I believe the best approach here is to figure out why the critic estimate takes large values. Even if you scale the plot window, if the critic estimates are off, it will have an impact on training. Also, bounding the estimate values would not be ideal either, because you are losing information (one action may be better than another, but this won't be reflected in the estimate). A few things to try:
1) Make sure that the gradient threshold option ins the representation options of the network if finite, e.g. set it to '1'. This will prevent the weights from changing too much during training.
2) Try reducing the number of layers/nodes
3) Try providing initial (small) values for the network weights (especially the last FC layer)
4) Maybe adding a scaling layer towards the end would be helpful as well


I agree that I should focus on getting better initial estimates.
  1. I tried changing my gradient threshold from the default (infinity) to 1, but that didn't seem to help.
  2. My current architecture is already seems fairly small - 3 layers on the state path, 1 layer on action path, 2 layers on common output path (24 nodes on each except for one node on last layer). Might this still be too big?
  3. There are many options for weight initializers, so I'm not sure which to choose for each layer. Do you have any tips for this or can you point me to further reading?
  4. I added a scaling layer just before the output, and set the scale & bias according to what I was seeing in the original estimates. This had a great impact and brought the estimates much closer to reality!

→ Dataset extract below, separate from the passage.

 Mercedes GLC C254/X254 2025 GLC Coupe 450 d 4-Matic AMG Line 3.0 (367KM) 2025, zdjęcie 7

I would still like to avoid this reactive approach however, so smarter weight initialization I think is preferable.
For weight initialization see the answer here. You can also directly set weight values using the 'Weights' option of the FC layer - see for instance the 'createNetworks' script in the walking robot example.
The scaling layer is actually a better alternative than bounding, because it is a linear process which is taken into consideration during training.